NMHC/NAA Viewpoint NMHC/NAA support music licensing and copyright reforms that aim to improve efficiency, transparency and reduce burdens for apartment communities caused by a duplicative licensing administration system.
Like many American businesses, apartment communities play musical works in common areas, such as reception areas, foyer or lobby spaces, leasing offices or elevators. Music is also commonly played or provided around pool facilities, in dining areas, along walking paths, in on-site fitness centers and clubhouses, or similar social spaces. In accordance with existing copyright law, the playing of music in these areas is considered a “performance” of such work, which may require owners and operators to obtain licenses from Performing Rights Organizations (PROS), including ASCAP, BMI and SESAC.

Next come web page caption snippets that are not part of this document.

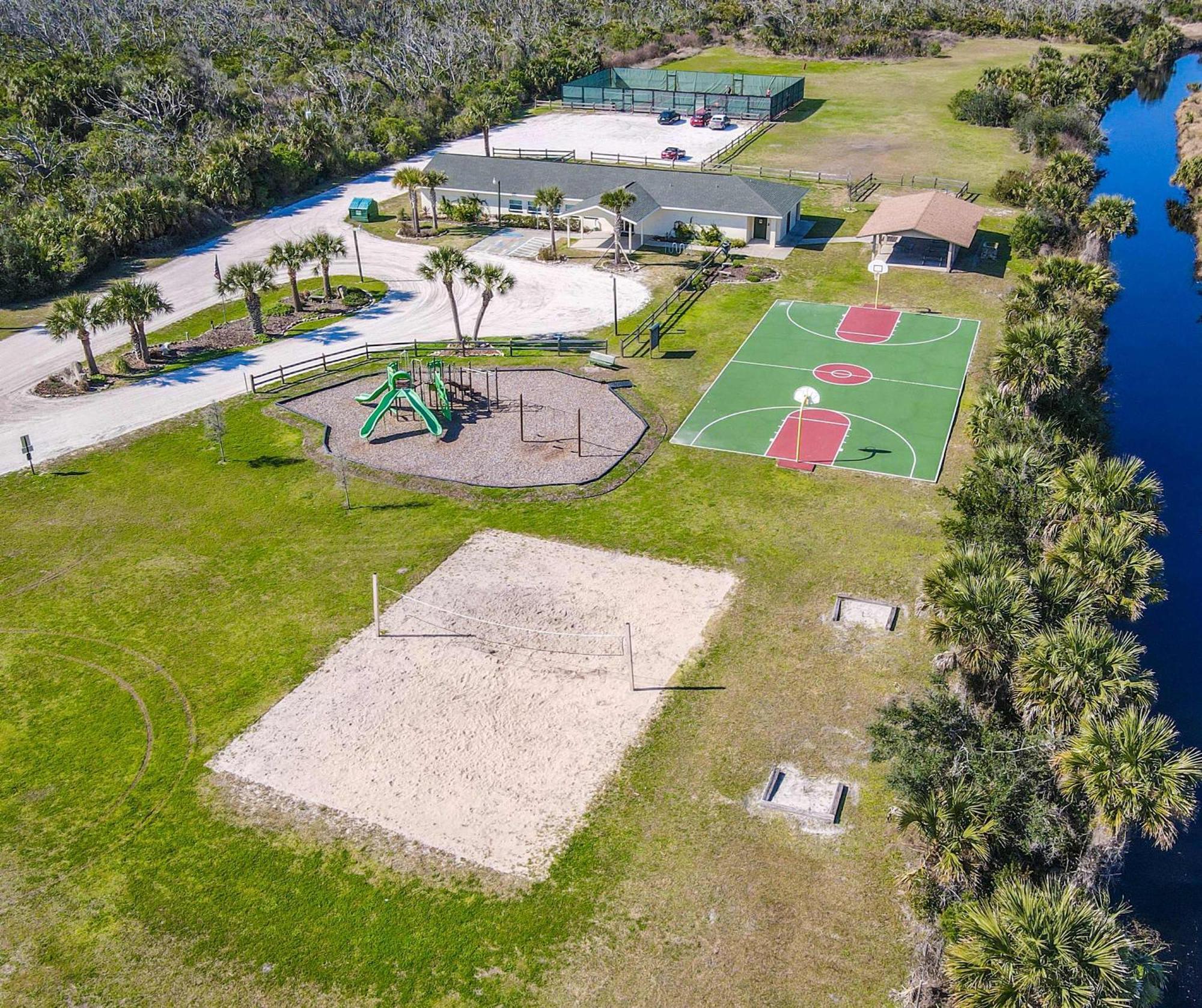 Ocean Front Flagler Sleeps 5 People * Flagler Beach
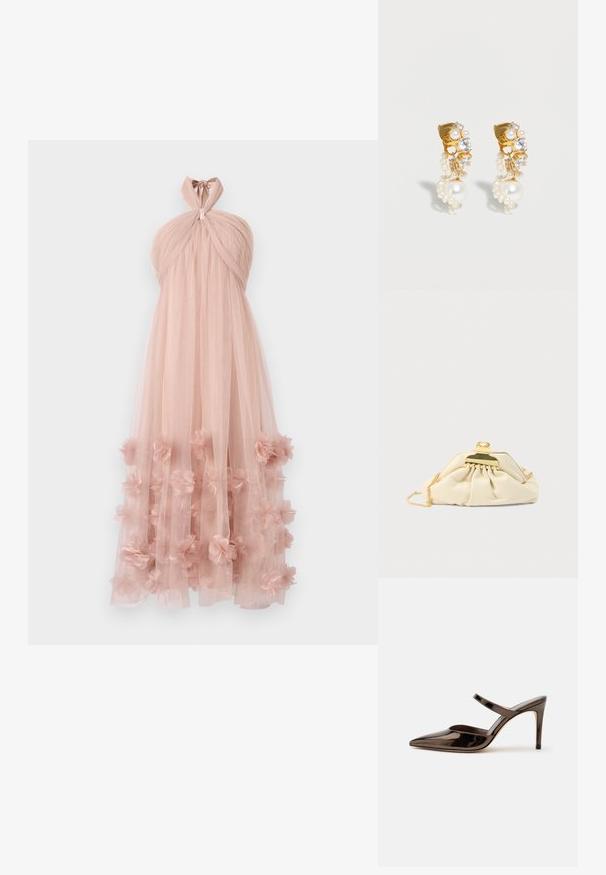 Drapierte Halterneck-Atmkleid aus zartem rosa Tüll, mit geschichteten floralen Applikationen am Saum, die einen zarten, strukturierten Look erzeugen.; Glänzender dunkelbrauner Mule mit spitzer Spitze und hohem Absatz mit schmalem Riemen über dem Spann vor weißem, einfachem Hintergrund.; Cremefarbene Clutch aus weichem Material mit einem goldfarbenen Verschluss und einer Kettenriemen, mit gerafftem Design am Körper.; Goldene Creolen-Ohrringe, verziert mit klaren Kristallen und herabfallenden kleinen und großen weißen Perlen, dargestellt vor weißem Hintergrund.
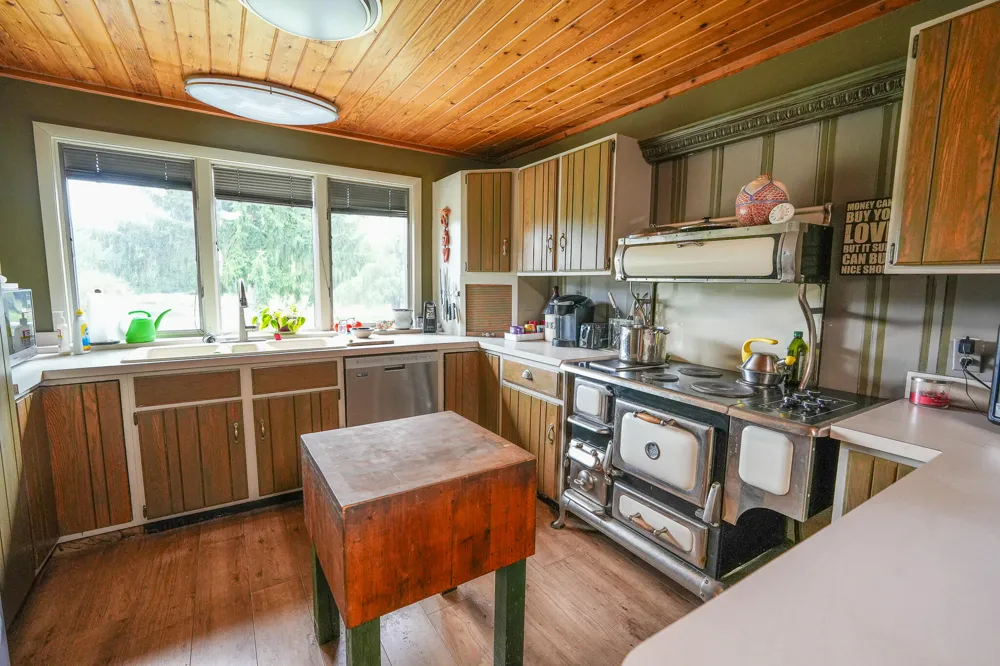 5260 Hockaday Road Gladwin, MI 48624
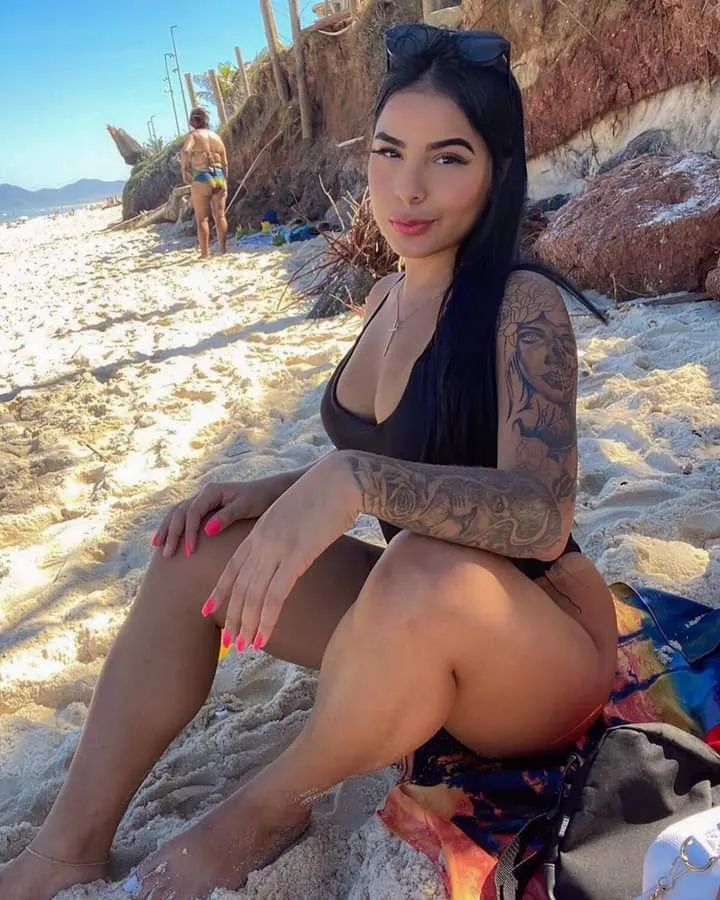 Morenita con un culo delicioso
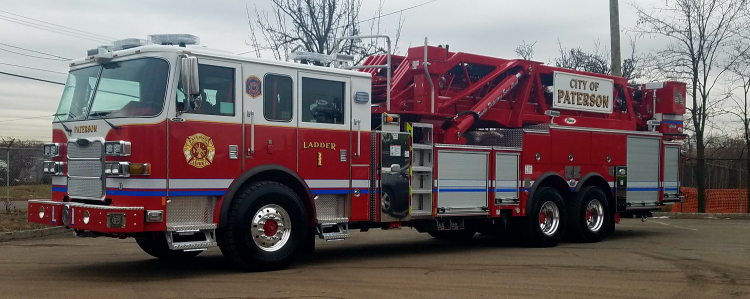 Pierce Fire Truck - Arrow XT 95' Midmount Platform delivered to the ...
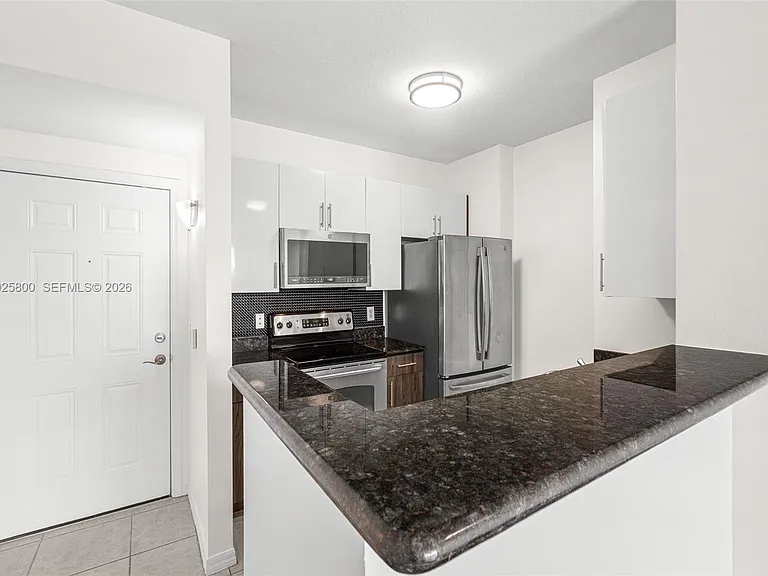 2421 NE 65th St #408 — Photo 28
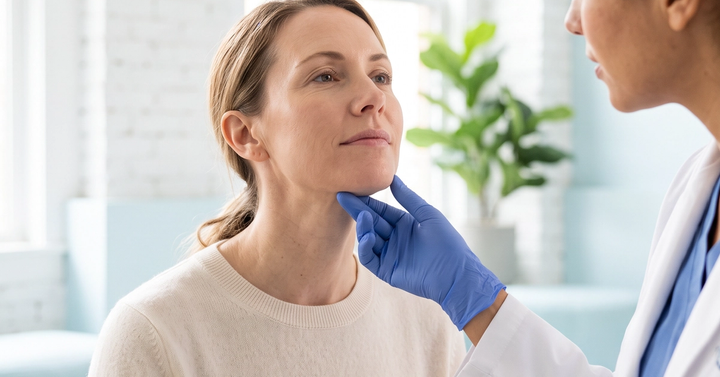 Fat-dissolving injection Double chin removal in Montreal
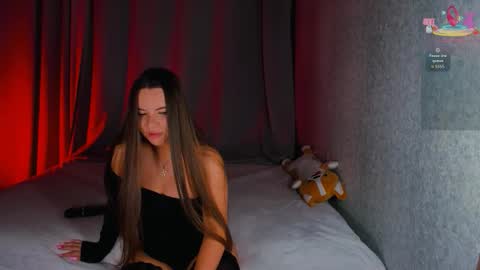 Chloe online show from 10-27-25, 09:08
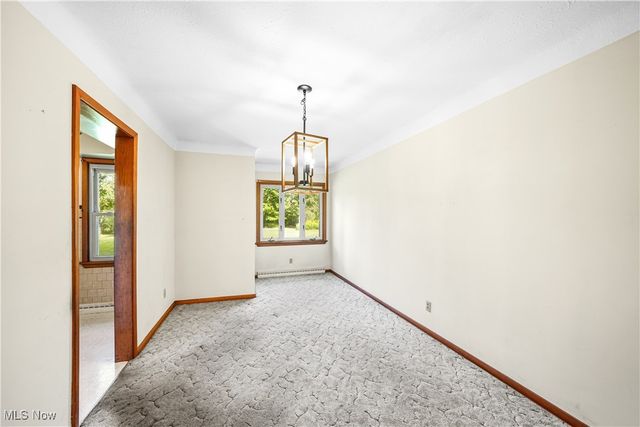 982 W Garfield Road, Aurora, OH 44202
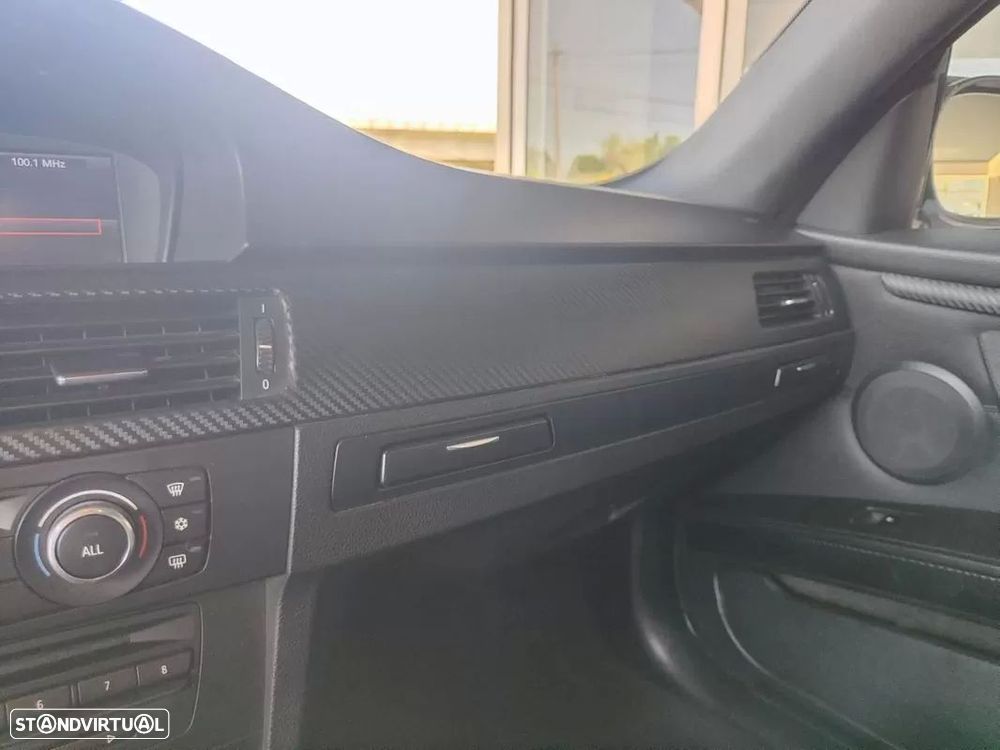 BMW 320 d Coupe Edição M Auto - 36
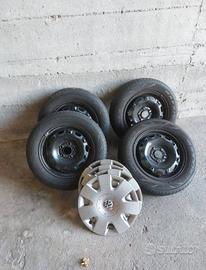 Cerchi in ferro con copri cerchio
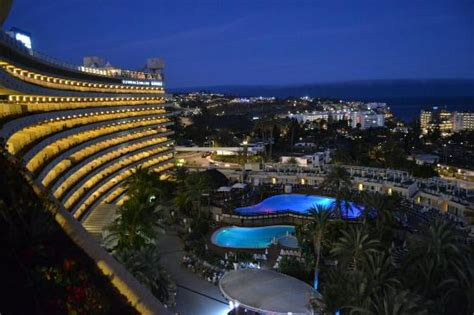 Men du tar dig enkelt till grannorterna playa del inglés och maspalomas där ett stort aktivitetsutbud väntar. Vista desde la azotea donde el chill out - Picture of ...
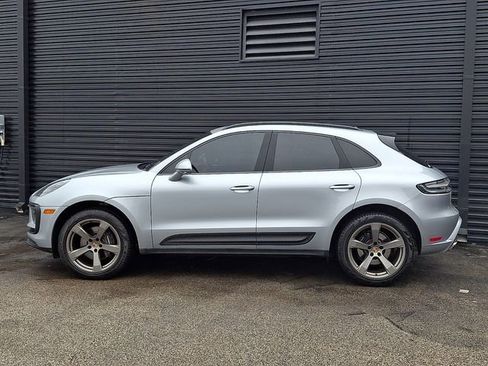 Certified 2023 Porsche Macan image 2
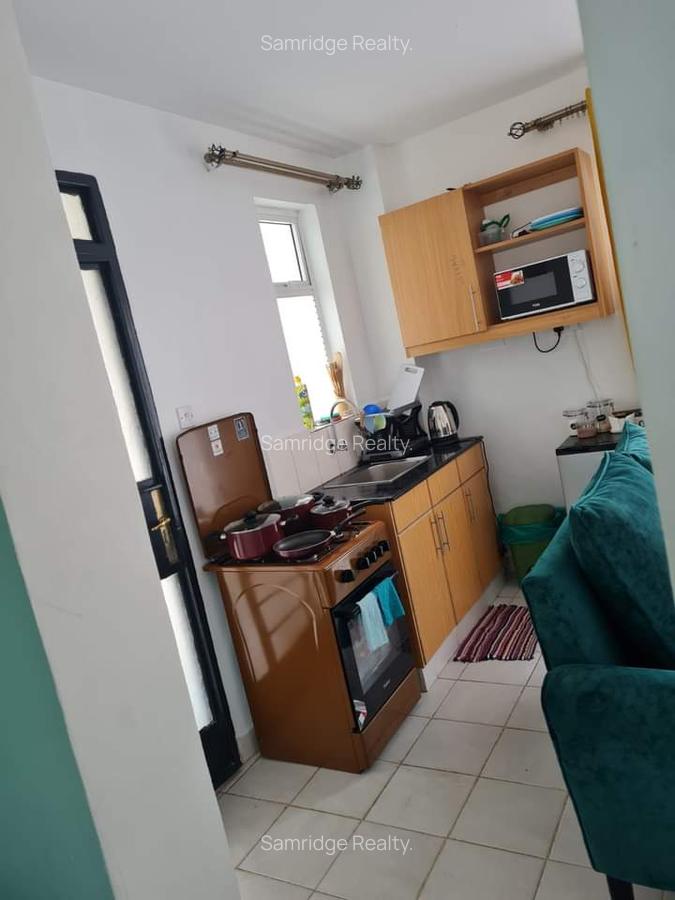 Serviced Studio Apartment with En Suite at Racecourse - 3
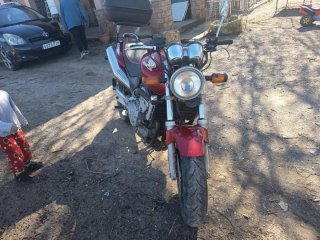 Honda Naked Roja y Negra con Baúl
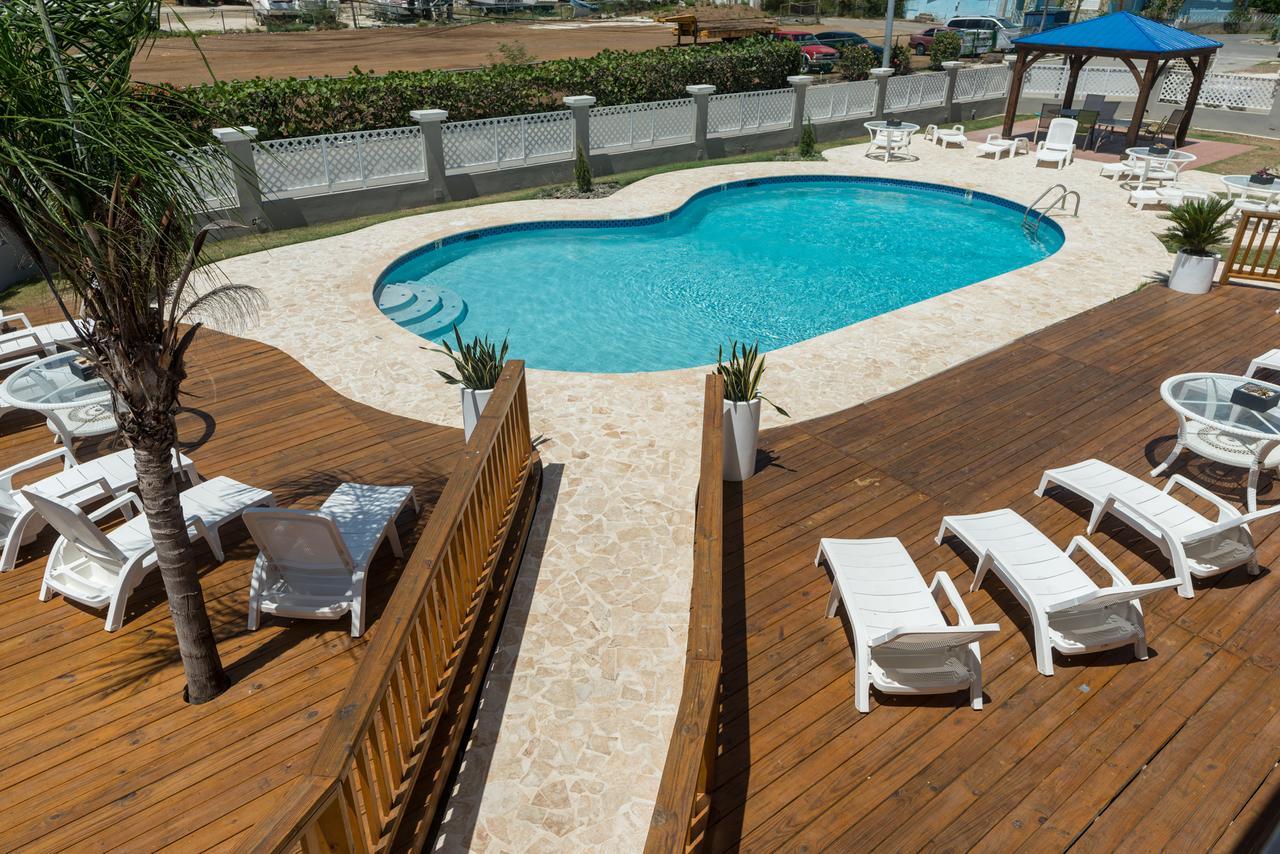 Full Moon Hotel & Restaurant Salinas Dış mekan fotoğraf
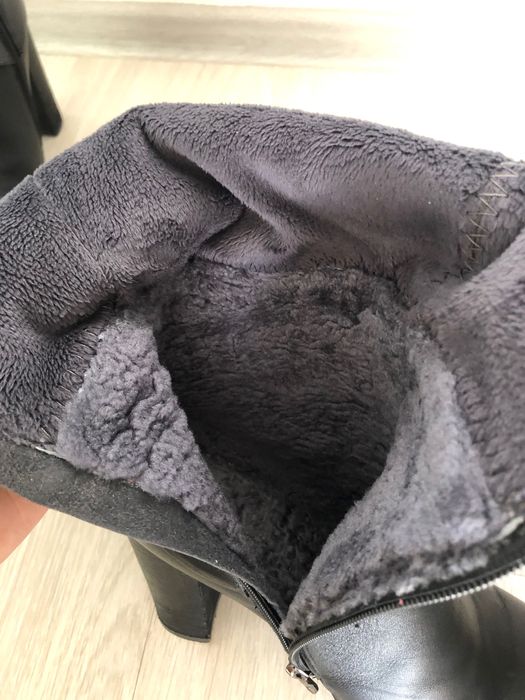 Зимние кожаные сапоги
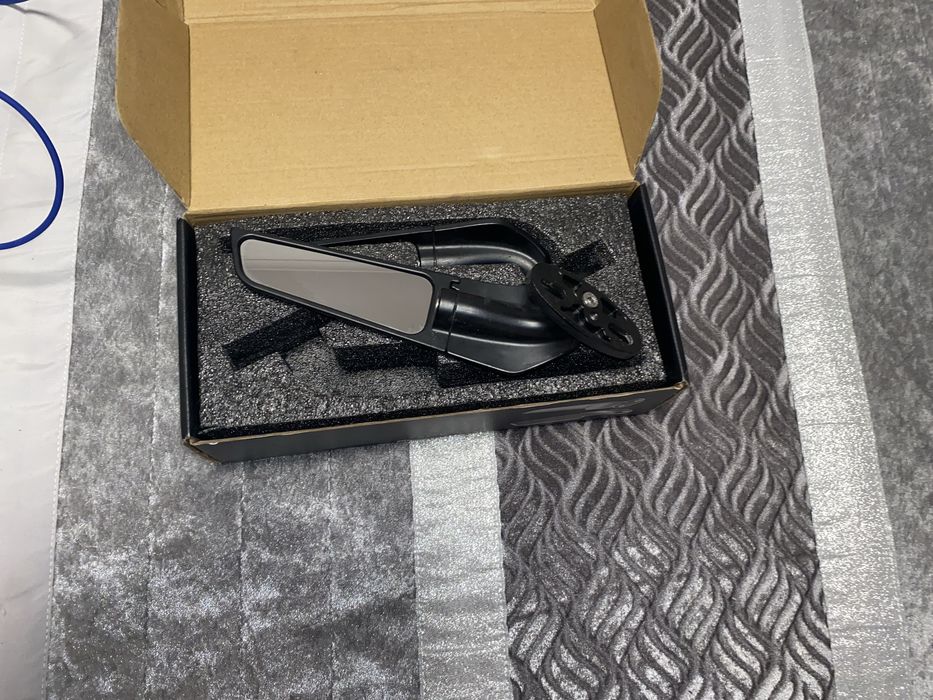 Espelhos retrovisores em aluminio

In exchange for a licensing fee, PROS grant the apartment owner or operator the right to play copyrighted music legally in apartment community public spaces. Over the past decade, activity by the PROs to collect licensing fees from apartment communities and other end users has increased substantially. NAA/NMHC responded by providing guidance to members on the basics of federal copyright law and how to evaluate whether or not licensing fees are required. Further, NAA/NMHC partnered with copyright experts to clarify music licensing requirements in some critical, specific scenarios such as music or televisions in fitness centers and on treadmills.
Despite rigorous work on the part of apartment owners and operators to understand and comply with copyright law, there remains a lack of transparency in the current marketplace for music. Reliable ownership information is sparse and not readily available on who owns the music and to whom the licensing fees should be paid. This creates a duplicative licensing administration system. Additionally, there is a strong need for more specificity in the law about what might trigger music licensing requirements at an apartment community. Finally, there exists consent decrees governing music societies which are critical to ensuring a competitive marketplace for musical works, facilitating delivery of licenses in a predictable manner and providing for fair treatment of end-users.
The apartment industry urges Congress to do the following:
- Enact copyright and music licensing reforms to reduce compliance burdens for apartment communities and enable greater transparency in the ownership of musical works so that end-users are clear about who they must pay.
- Define the space within apartment communities where played music requires licensing as only those areas not designated for residents only.
- Preserve the existing consent decrees governing ASCAP and BMI and continue the fair competitiveness of the music marketplace.
Music licensing obligations must be made clearly understandable to apartment owners and operators, in order to effectively determine when a license might be required, and what type of license is appropriate for the apartment community.